The tech behind the AirConsole Karaoke Machine

Today we launched our online karaoke machine. Our HTML5 app transforms your big screen into the karaoke display and your smartphone becomes the remote control. You can connect any number of smartphones and everyone can queue up songs.

The smartphones are connected to the big screen using the AirConsole API. In this blog post I'm going to dive into the karaoke tech we have built and not so much into how the AirConsole platform works.

One of the coolest features of our web app is that the artist can help you sing. If you forget the lyrics, the artist will take over and will help you to get back into the song. Let's look at how we do this.

Singing together with the artist

We're getting our songs from YouTube. We automatically crawl the most popular karaoke YouTube channels to get the latest songs and also search for the original music video. So far we have about 7500 karaoke songs in our library. A few hundred have the "singing together with the artist feature" enabled. In the screenshot above, you can see that the original video clip including the artist audio is running on the left side of the screen, while the karaoke version without the artist audio is running on the right side of the screen. When you sing, we mute the original video clip, when you don't sing we mute the karaoke version and un-mute the original clip so you can hear the artist.

Syncing the songs

In order for this to work well, the two video clips need to be perfectly in sync. Most music and karaoke videos have some kind of intro of different length, so you can't just start playing both youtube videos and expect that they are in sync, you need to time shift them. Finding the correct timeshift manually would be very time consuming, so we developed an algorithm that looks at the audio tracks of both videos and tries to minimize the difference by trying different time shifts. Once the difference is minimal, the songs are in sync. Well, most of the time. We have a hitrate of about 98% and we review the results manually.
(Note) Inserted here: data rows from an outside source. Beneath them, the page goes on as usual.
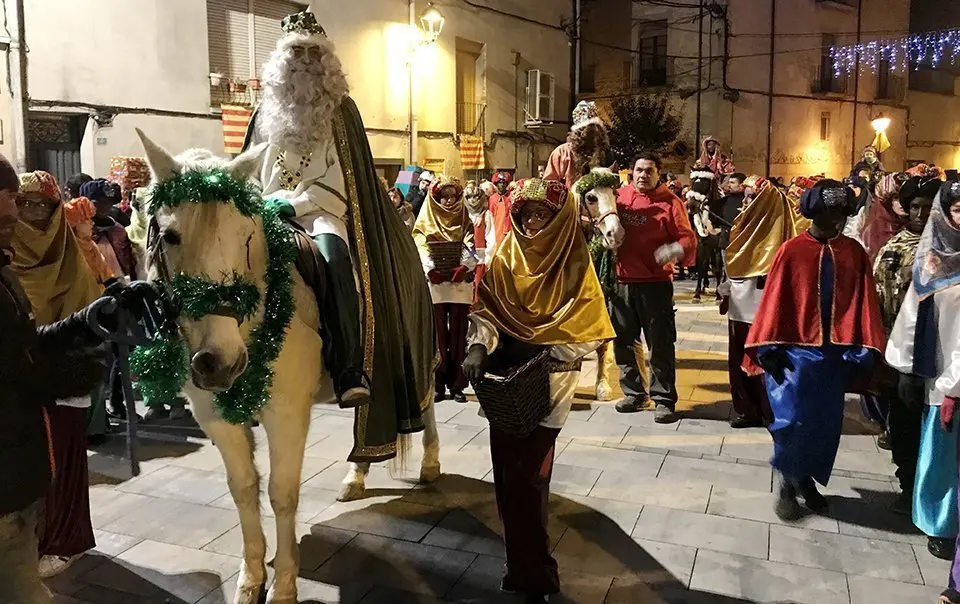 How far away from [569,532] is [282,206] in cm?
259

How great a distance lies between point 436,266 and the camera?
24.9 feet

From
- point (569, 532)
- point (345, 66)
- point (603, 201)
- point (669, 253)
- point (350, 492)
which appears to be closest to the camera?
point (569, 532)

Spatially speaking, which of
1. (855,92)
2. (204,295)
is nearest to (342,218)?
(204,295)

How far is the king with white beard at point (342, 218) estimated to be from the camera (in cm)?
382

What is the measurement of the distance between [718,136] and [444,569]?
2168 centimetres

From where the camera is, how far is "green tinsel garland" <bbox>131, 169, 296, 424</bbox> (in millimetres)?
2896

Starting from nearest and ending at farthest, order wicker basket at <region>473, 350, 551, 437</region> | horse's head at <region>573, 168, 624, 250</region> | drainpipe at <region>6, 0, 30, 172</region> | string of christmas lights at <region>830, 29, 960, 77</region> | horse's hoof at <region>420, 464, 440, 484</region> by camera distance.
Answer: wicker basket at <region>473, 350, 551, 437</region>
horse's hoof at <region>420, 464, 440, 484</region>
horse's head at <region>573, 168, 624, 250</region>
drainpipe at <region>6, 0, 30, 172</region>
string of christmas lights at <region>830, 29, 960, 77</region>

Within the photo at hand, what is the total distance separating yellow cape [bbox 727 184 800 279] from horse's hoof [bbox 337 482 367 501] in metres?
3.81

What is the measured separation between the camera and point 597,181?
6.84 meters

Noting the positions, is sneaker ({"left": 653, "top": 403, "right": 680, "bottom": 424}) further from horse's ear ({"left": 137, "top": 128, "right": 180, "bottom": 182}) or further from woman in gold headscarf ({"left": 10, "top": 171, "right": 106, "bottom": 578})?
horse's ear ({"left": 137, "top": 128, "right": 180, "bottom": 182})

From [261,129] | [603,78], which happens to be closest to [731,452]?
[261,129]

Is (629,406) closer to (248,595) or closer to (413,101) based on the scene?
(248,595)

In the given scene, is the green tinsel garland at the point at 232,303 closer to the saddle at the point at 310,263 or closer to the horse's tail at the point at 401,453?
the saddle at the point at 310,263

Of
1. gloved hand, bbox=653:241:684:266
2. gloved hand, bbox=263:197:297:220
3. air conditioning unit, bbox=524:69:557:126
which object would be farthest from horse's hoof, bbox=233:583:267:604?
air conditioning unit, bbox=524:69:557:126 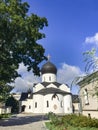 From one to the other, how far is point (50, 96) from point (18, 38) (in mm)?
45774

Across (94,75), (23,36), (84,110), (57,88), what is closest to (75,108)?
(57,88)

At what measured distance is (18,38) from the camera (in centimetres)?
2512

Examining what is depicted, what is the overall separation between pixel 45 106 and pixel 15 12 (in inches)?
1910

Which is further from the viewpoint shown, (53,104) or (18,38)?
(53,104)

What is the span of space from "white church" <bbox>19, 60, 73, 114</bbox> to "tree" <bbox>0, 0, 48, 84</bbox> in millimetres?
40581

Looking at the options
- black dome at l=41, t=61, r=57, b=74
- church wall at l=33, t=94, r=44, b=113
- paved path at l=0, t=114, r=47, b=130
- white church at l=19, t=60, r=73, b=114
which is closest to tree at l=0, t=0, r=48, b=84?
paved path at l=0, t=114, r=47, b=130

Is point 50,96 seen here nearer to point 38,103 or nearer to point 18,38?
point 38,103

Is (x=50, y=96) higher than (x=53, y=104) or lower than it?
higher

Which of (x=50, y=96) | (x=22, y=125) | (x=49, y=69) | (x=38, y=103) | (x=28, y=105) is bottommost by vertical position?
(x=22, y=125)

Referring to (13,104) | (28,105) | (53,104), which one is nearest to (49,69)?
(53,104)

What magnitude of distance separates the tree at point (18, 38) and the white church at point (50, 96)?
40.6 meters

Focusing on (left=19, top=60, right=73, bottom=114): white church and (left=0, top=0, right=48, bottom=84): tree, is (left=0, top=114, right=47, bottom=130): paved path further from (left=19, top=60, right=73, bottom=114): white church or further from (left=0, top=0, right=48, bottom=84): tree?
(left=19, top=60, right=73, bottom=114): white church

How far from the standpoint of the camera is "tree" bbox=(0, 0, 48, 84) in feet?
77.1

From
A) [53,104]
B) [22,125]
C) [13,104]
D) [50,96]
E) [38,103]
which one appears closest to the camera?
[22,125] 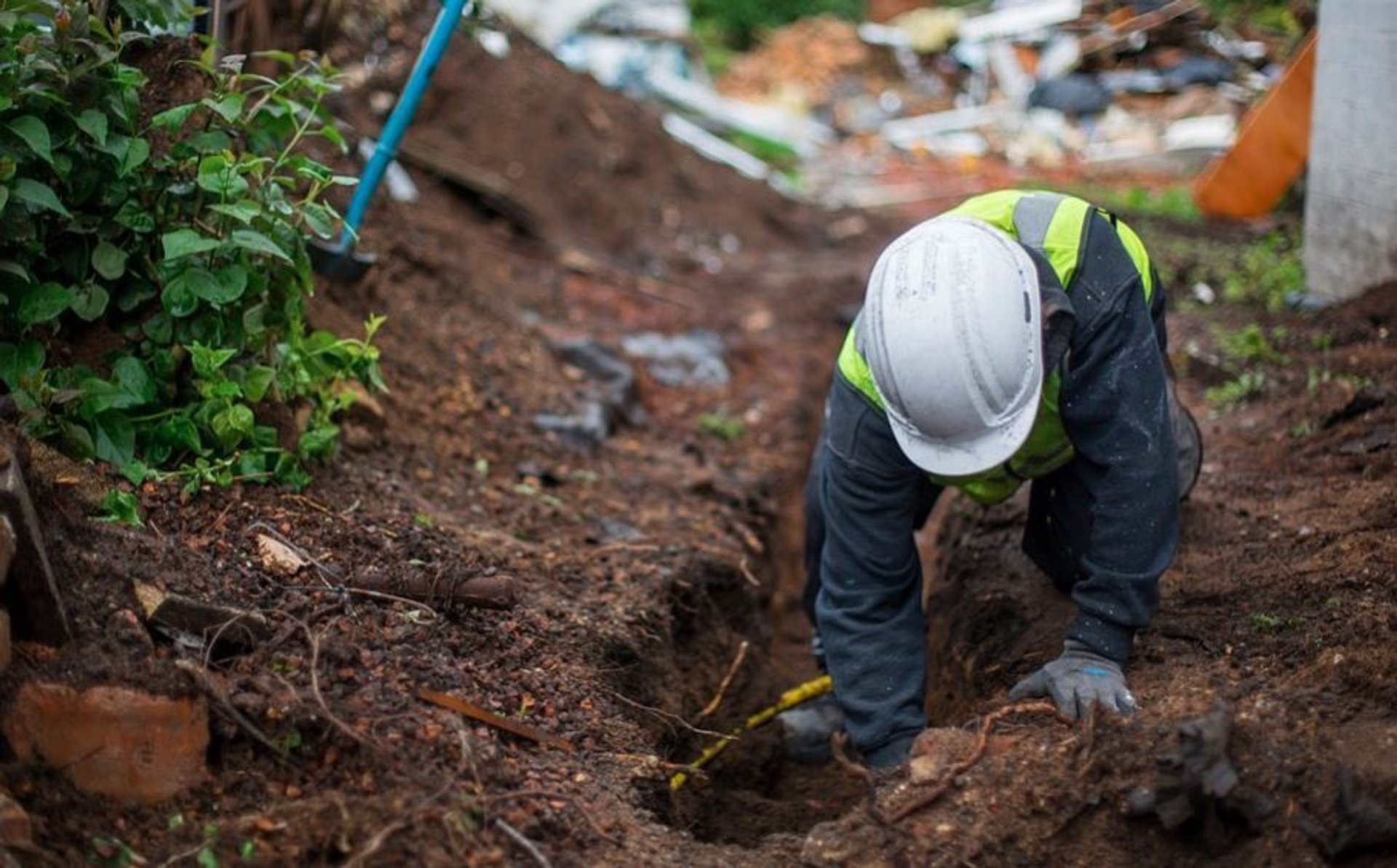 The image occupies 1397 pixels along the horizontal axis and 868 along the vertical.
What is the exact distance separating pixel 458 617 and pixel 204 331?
39.0 inches

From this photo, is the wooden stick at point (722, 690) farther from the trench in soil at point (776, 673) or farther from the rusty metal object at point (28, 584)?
the rusty metal object at point (28, 584)

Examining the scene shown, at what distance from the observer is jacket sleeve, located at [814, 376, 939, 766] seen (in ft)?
11.1

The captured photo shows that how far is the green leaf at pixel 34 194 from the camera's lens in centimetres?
329

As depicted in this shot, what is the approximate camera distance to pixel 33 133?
3268 mm

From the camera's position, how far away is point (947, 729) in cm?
327

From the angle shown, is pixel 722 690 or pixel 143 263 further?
pixel 722 690

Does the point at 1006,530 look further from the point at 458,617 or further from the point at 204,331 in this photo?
the point at 204,331

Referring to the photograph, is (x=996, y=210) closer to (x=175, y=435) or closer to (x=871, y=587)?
(x=871, y=587)

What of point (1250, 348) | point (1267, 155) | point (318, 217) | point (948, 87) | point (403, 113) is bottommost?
point (948, 87)

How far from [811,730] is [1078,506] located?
3.91ft

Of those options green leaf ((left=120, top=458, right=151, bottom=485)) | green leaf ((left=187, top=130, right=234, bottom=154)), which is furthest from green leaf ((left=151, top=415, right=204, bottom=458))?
green leaf ((left=187, top=130, right=234, bottom=154))

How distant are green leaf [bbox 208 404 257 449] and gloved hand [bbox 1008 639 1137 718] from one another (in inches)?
79.8

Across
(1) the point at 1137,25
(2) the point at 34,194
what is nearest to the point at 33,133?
(2) the point at 34,194

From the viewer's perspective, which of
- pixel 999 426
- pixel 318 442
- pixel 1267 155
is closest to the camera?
pixel 999 426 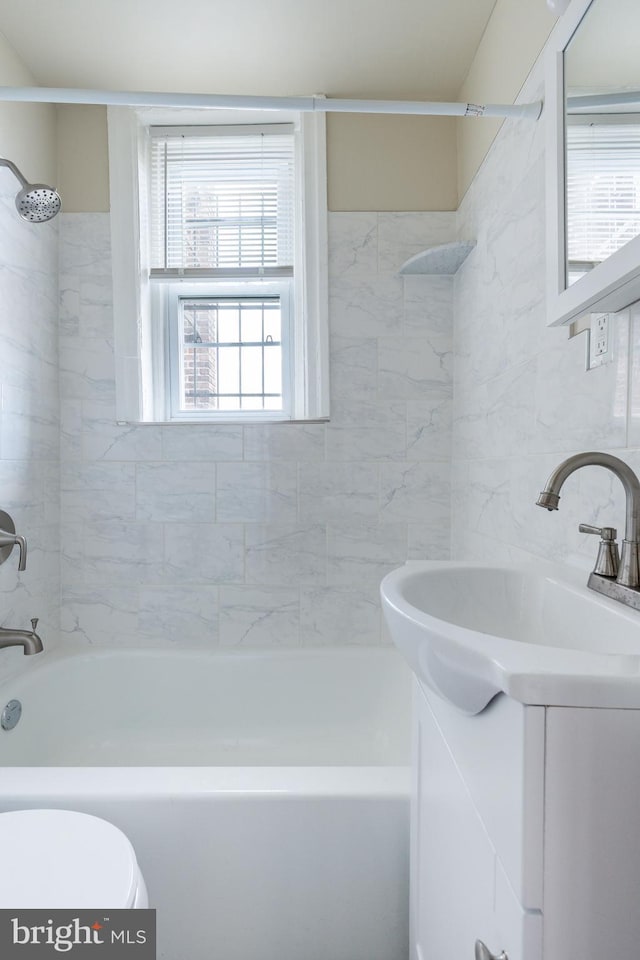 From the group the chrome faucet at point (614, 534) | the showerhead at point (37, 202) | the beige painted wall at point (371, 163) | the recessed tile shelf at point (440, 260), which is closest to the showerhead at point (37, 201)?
the showerhead at point (37, 202)

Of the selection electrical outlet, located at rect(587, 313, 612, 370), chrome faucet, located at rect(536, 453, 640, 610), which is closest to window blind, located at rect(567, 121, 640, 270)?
electrical outlet, located at rect(587, 313, 612, 370)

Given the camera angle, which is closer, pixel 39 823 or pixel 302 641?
pixel 39 823

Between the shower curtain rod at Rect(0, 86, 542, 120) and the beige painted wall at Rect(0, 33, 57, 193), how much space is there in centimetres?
57

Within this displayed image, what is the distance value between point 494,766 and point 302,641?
1766mm

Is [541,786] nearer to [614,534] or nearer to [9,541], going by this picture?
[614,534]

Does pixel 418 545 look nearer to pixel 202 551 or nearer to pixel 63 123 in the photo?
pixel 202 551

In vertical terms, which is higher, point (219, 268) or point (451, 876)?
point (219, 268)

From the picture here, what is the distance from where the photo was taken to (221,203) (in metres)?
2.36

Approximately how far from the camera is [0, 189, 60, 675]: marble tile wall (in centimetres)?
195

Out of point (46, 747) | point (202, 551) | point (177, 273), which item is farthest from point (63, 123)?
point (46, 747)

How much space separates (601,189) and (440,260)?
1.15 m

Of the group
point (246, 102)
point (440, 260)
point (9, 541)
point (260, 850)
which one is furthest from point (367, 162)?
point (260, 850)

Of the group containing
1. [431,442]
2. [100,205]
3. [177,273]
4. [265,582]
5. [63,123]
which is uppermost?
[63,123]

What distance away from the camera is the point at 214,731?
2.19m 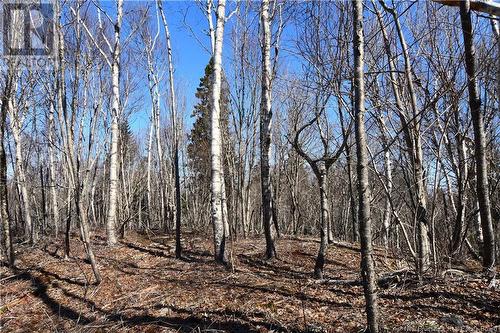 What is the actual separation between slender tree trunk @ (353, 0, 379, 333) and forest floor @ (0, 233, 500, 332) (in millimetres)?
835

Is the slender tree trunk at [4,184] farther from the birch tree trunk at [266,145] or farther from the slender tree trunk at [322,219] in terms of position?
the slender tree trunk at [322,219]

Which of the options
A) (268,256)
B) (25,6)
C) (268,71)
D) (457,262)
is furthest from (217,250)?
(25,6)

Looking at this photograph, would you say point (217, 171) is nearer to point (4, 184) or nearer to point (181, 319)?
point (181, 319)

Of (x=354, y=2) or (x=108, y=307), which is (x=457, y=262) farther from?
(x=108, y=307)

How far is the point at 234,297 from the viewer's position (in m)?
5.16

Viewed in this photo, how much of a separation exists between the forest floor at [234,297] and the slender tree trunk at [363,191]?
835 mm

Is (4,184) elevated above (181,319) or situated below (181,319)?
above

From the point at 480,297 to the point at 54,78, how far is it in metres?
7.84

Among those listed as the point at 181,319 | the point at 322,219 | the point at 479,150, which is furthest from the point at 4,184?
the point at 479,150

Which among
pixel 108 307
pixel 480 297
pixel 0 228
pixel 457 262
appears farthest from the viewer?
pixel 0 228

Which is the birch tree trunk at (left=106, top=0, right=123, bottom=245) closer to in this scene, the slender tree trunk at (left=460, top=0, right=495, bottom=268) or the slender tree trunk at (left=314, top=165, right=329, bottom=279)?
the slender tree trunk at (left=314, top=165, right=329, bottom=279)

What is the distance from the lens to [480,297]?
4207 mm

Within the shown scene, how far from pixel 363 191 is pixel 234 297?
9.46 ft

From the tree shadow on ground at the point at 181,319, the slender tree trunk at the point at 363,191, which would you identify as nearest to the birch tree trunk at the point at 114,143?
the tree shadow on ground at the point at 181,319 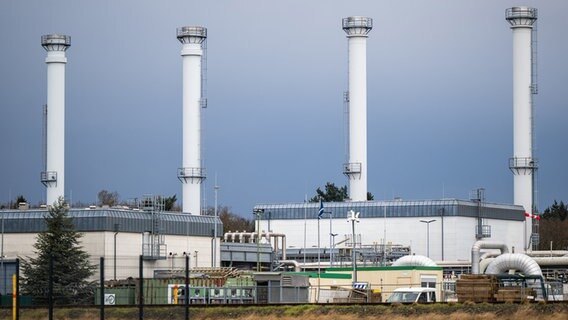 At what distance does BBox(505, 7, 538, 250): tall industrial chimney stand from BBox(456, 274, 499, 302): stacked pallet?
55.9 meters

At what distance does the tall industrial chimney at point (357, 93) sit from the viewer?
4471 inches

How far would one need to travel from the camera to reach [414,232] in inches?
4530

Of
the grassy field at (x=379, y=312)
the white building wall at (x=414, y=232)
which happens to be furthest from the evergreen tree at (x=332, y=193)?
the grassy field at (x=379, y=312)

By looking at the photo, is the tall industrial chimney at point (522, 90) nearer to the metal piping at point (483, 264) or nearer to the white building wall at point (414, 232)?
the white building wall at point (414, 232)

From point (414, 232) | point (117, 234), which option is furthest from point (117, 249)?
point (414, 232)

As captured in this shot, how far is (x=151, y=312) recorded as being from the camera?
147ft

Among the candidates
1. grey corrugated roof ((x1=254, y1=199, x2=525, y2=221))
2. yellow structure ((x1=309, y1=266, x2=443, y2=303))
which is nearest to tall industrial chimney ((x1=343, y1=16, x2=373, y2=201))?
grey corrugated roof ((x1=254, y1=199, x2=525, y2=221))

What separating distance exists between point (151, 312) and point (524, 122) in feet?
252

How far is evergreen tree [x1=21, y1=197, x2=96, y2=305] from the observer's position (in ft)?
181

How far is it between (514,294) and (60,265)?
24.3 metres

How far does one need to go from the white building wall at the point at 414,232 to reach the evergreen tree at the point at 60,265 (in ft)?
127

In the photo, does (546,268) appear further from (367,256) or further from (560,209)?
(560,209)

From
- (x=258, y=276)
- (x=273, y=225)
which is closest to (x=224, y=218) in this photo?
(x=273, y=225)

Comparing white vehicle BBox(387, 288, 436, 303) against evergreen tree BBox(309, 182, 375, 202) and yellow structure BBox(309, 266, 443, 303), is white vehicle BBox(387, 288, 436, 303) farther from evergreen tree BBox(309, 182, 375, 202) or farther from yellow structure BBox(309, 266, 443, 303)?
evergreen tree BBox(309, 182, 375, 202) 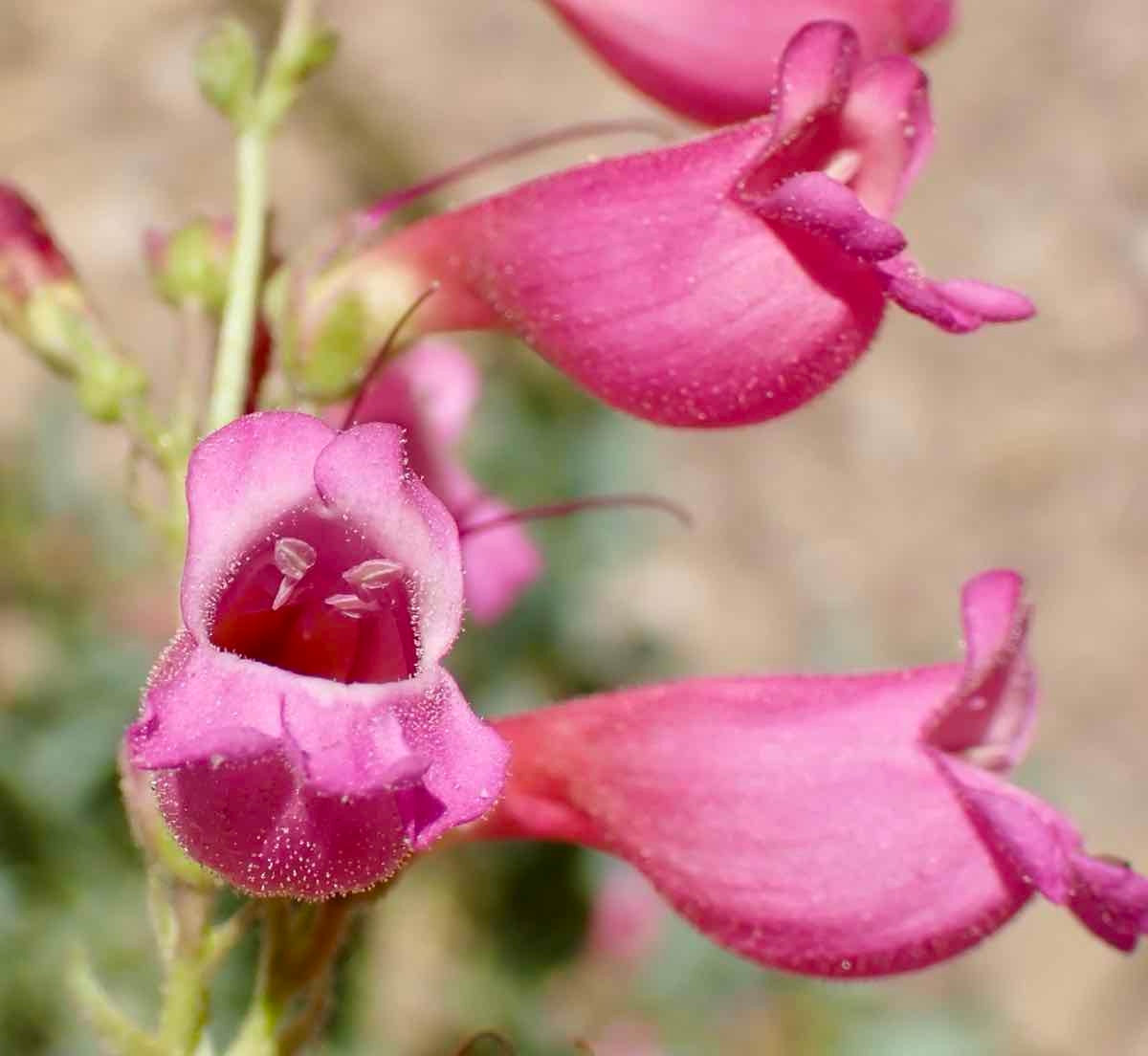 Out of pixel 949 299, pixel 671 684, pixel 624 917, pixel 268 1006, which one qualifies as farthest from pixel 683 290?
pixel 624 917

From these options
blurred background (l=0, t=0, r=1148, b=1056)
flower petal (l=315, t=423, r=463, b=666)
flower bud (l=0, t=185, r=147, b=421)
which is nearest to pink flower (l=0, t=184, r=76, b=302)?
flower bud (l=0, t=185, r=147, b=421)

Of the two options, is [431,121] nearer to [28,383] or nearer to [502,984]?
[28,383]

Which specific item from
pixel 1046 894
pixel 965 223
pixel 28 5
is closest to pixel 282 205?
pixel 28 5

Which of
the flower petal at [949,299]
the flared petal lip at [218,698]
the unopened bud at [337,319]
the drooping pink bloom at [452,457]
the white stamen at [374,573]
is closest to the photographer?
the flared petal lip at [218,698]

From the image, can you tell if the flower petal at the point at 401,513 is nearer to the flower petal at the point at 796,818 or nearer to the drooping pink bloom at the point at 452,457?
the flower petal at the point at 796,818

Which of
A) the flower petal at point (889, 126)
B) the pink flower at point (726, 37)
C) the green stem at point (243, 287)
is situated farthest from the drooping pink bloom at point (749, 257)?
the green stem at point (243, 287)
Detecting if the user is singing

We have different mechanisms to decide if the artist audio should be played or if the user wants to sing himself. The easiest is the microphone button on the smartphone. If the user presses it, we know he wants to sing and we should mute the artist. But we also have a more advanced way. You can hookup a real microphone to your laptop and we use the WebRTC getUserMedia and AudioContext HTML5 functionality to get the input volume of the microphone in javascript. When we see that the volume is above a threshold, we know the user is singing and doesn't need any help so we mute the artist. We could also use the smartphones microphone, but because iOS does not support WebRTC yet we decided to use the laptops microphone instead.

Recording yourself

Our karaoke machine can also record a video of you singing your favorite song. We only wanted to use HTML5 technology without plugins. This turned out to be trickier than we first thought. WebRTC getUserMedia has no implemented support for recording yet. However there are some great javascript libraries like RecordRTC that help you to record your videos locally. However different browsers use different video codecs and some can only record raw WAV audio. These files are huge and can't really be easily shared by the user. Another problem is that Chrome, the most popular browser on AirConsole, records audio and video into two separate files and they need to be merged. So we decided to add an autoscaling server side, that merges these files, transforms them into a compact mp4 video and emails them to the users. Only one problem left: How do you transfer huge WAV files to the server? 40MB for a 3 minute video? No thank you. It's amazing what you can do these days in javascript, for example transcode a WAV file into an MP3 inside the browser using multithreading with the help of webworkers. Problem solved.

Now give it a try!

Now it's time to try our AirConsole Karaoke Machine. We had tons of fun building the karaoke machine and sang way too much during development. Apologies to the rest of the people here in the office.